In short, yes we do.  However, I feel I need to elaborate on that a little so that we can see clearly what that means for us.

First, we drink from this "cup" because we all feel the effects of sin in this broken world.   We see broken relationships, we hear people criticize what they do not understand, we can even be persecuted as followers of Jesus suffering greatly for the gospel.   In this sense, we all drink from this "cup".

Second, the "cup" is God's will.   In Matthew 26:39, Jesus prays, "My Father, if it is possible, may this cup to be taken from me.  Yet not as I will, but as You will."  And again in Matthew 26:42, "My Father, if it is not possible for this cup to be taken away unless I drink it, may Your will be done."

Jesus had to drink the "cup" in order to fulfill God's will for Him.   In the same way, God has a will for each of us.  He desires that we seek His kingdom first and seek to know and do what is right in each circumstance.   In addition, He has "created us in Jesus Christ to do good works, which (He) prepared in advance for us to do".  

In this sense, I believe God has a unique plan for each of us.   He created us and has now re-created us in Christ for a purpose.   Finding that purpose ought to be at the forefront of our minds, as we seek God's kingdom and His righteousness.

So what is God's plan for you?   What unique skills, gifts, abilities, experiences, etc. has God given you to help you understand His will for you?

Last week, I watched a sermon from Pastor Bill Hybels on video.   In the sermon, he talked about everyone discovering our own "Popeye" moment - "I've had all I can stands, and I can't stands no more."  That moment of "holy discontent" when you know something has to be done, and you believe God is calling you to do it.

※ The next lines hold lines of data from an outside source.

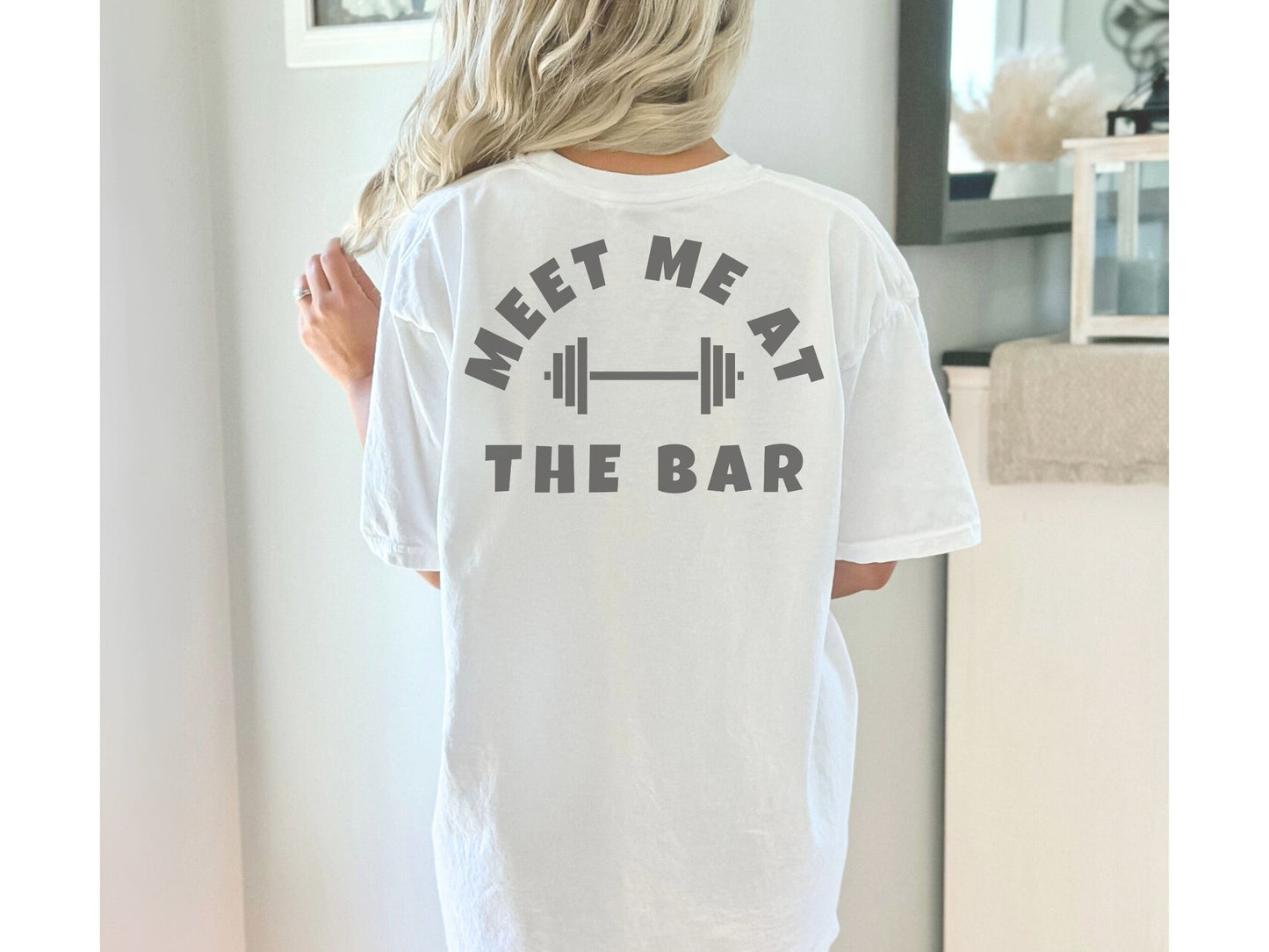 Meet me at the Bar Workout Shirt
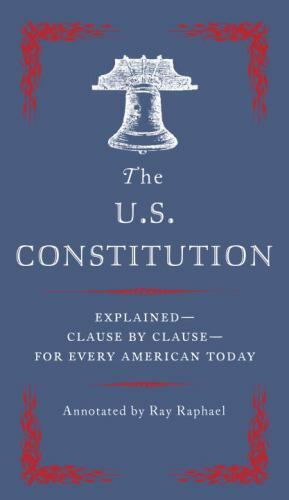The U.S. Constitution: Explained–Clause by Clause–For Every American Today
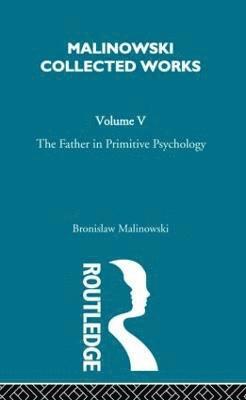 bokomslag The Father in Primitive Psychology and Myth in Primitive Psychology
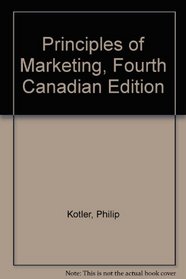 Principles of Marketing, Fourth Canadian Edition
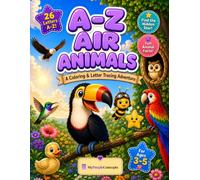 A-Z Air Animals Coloring and Activity Book: 26 Birds to Color, Trace & Explore - A Letter Tracing & Hidden Star Search Adventure for Kids Ages 3-5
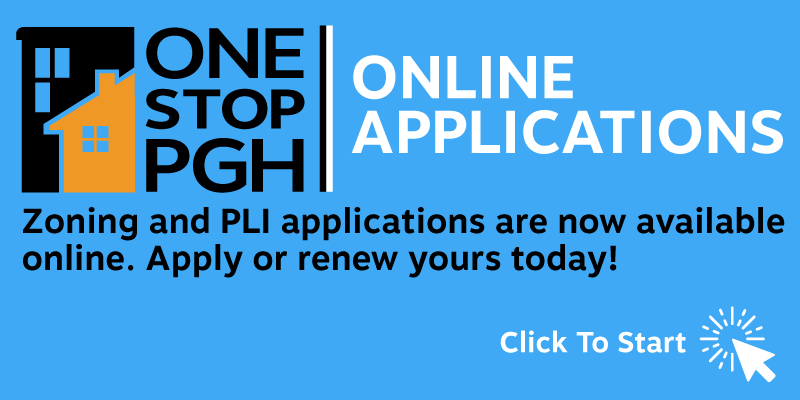 OneStopPGH Online Applications. Zoning and PLI applications are now available online. Apply or renew yours today!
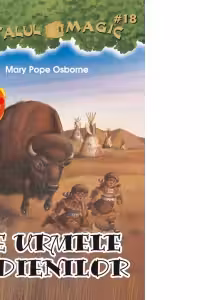 Pe urmele indienilor. Portalul Magic nr. 18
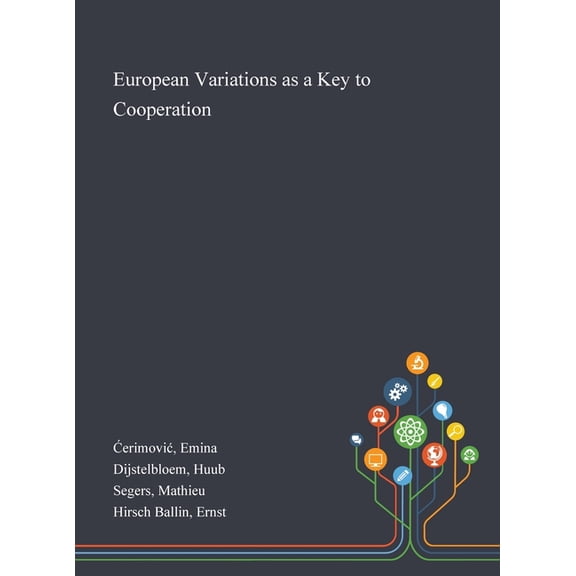 European Variations as a Key to Cooperation Hardcover 1013275055 9781013275050 Emina 262;erimovic, Huub Dijstelbloem, Mathieu Segers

So what is your "Popeye" moment?   What has God laid on your heart to do?   I encourage you to find out, and then do something about it!  Then if you are willing share it, so that the rest of us can join you as we journey together along the Way ...

Tuesday, March 17, 2015

March 17, 2015 - along the Way ...

Happy St Patrick's Day!  Since Patrick was the one responsible for bringing the good news to Ireland, so many years ago, I believe the entire body of Christ can honor him today with gratitude to God!
To God be the glory!  Great things He has done, is doing, and will continue to do!

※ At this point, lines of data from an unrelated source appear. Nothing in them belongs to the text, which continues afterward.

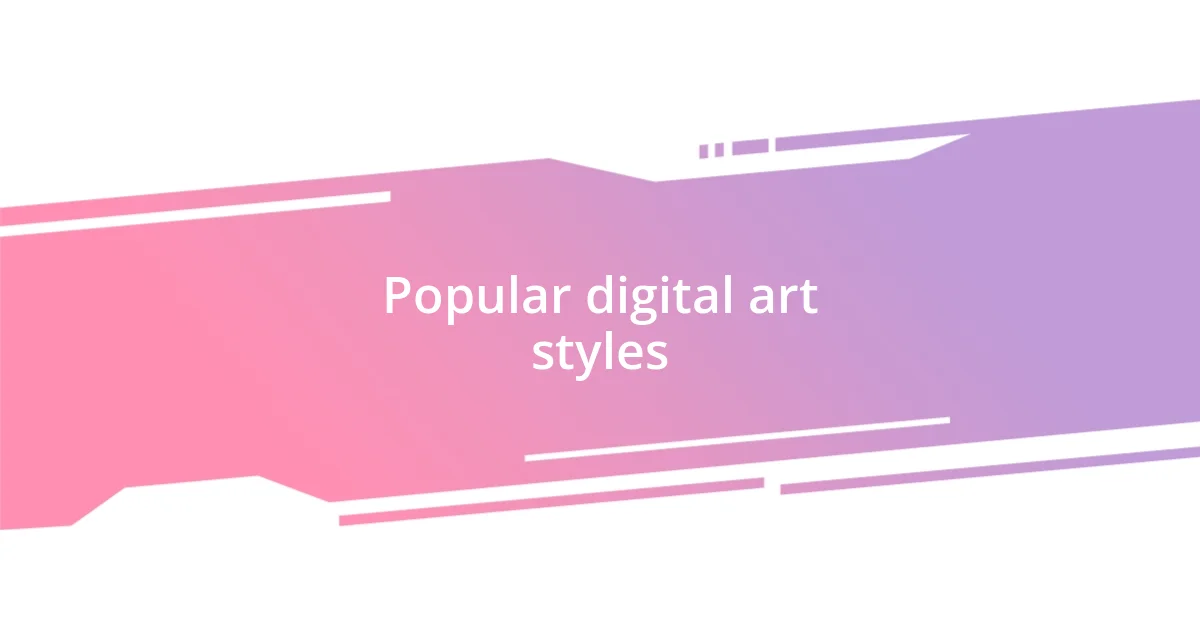 Popular digital art styles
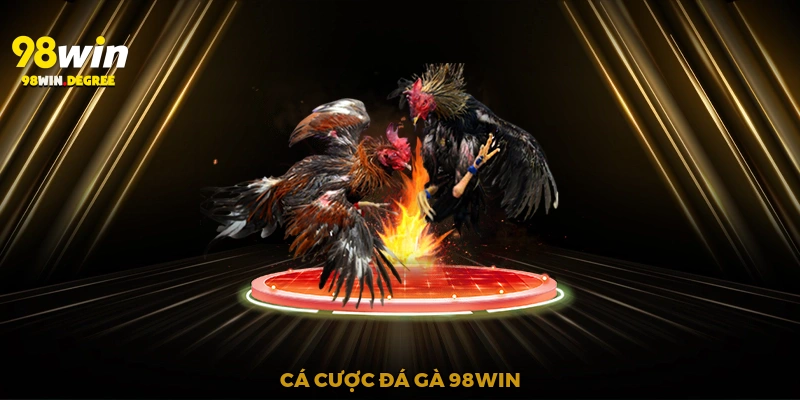 Cá cược đá gà 98Win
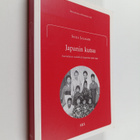 Seija Jalagin : Japanin kutsu : suomalaiset naislähetit J... - pikkukuva 1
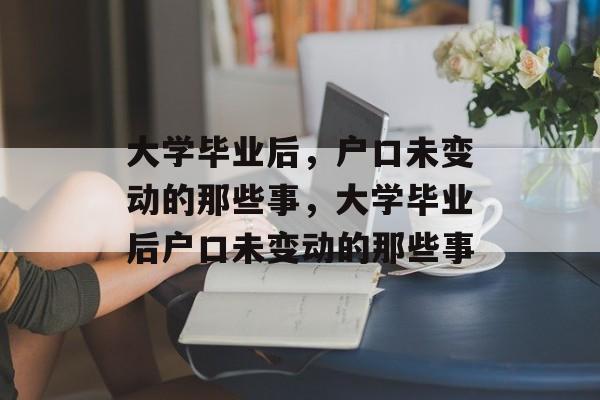 大学毕业后，户口未变动的那些事，大学毕业后户口未变动的那些事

As I consider what it means to bring the good news to our world today, I struggle with the best response to those who live with same-sex attraction.  I believe the church needs to make room for people of all backgrounds, orientations, and lifestyles.  By making room I do not mean the church should change its standards, but rather that we should make room for people to encounter the living God, so that He can transform all of us through the Holy Spirit's power by faith in Jesus Christ!

This morning I was reading in I Timothy 1, and I was struck by the juxtaposition of Paul's words to Timothy regarding the law in verses 8-11 and his words regarding his own need for grace in verses 12-17.

On the one hand, Paul says, "We know that the law is good if one uses it properly.   We also know that the law is not made for the righteous but for lawbreakers and rebels, the ungodly and sinful, the unholy and irreligious, for those who kill their fathers or mothers, for murderers, for the sexually immoral, for those practicing homosexuality, for slave traders and liars and perjurers - and for whatever else is contrary to the sound doctrine that conforms to the gospel concerning the glory of the blessed God, which he entrusted to me."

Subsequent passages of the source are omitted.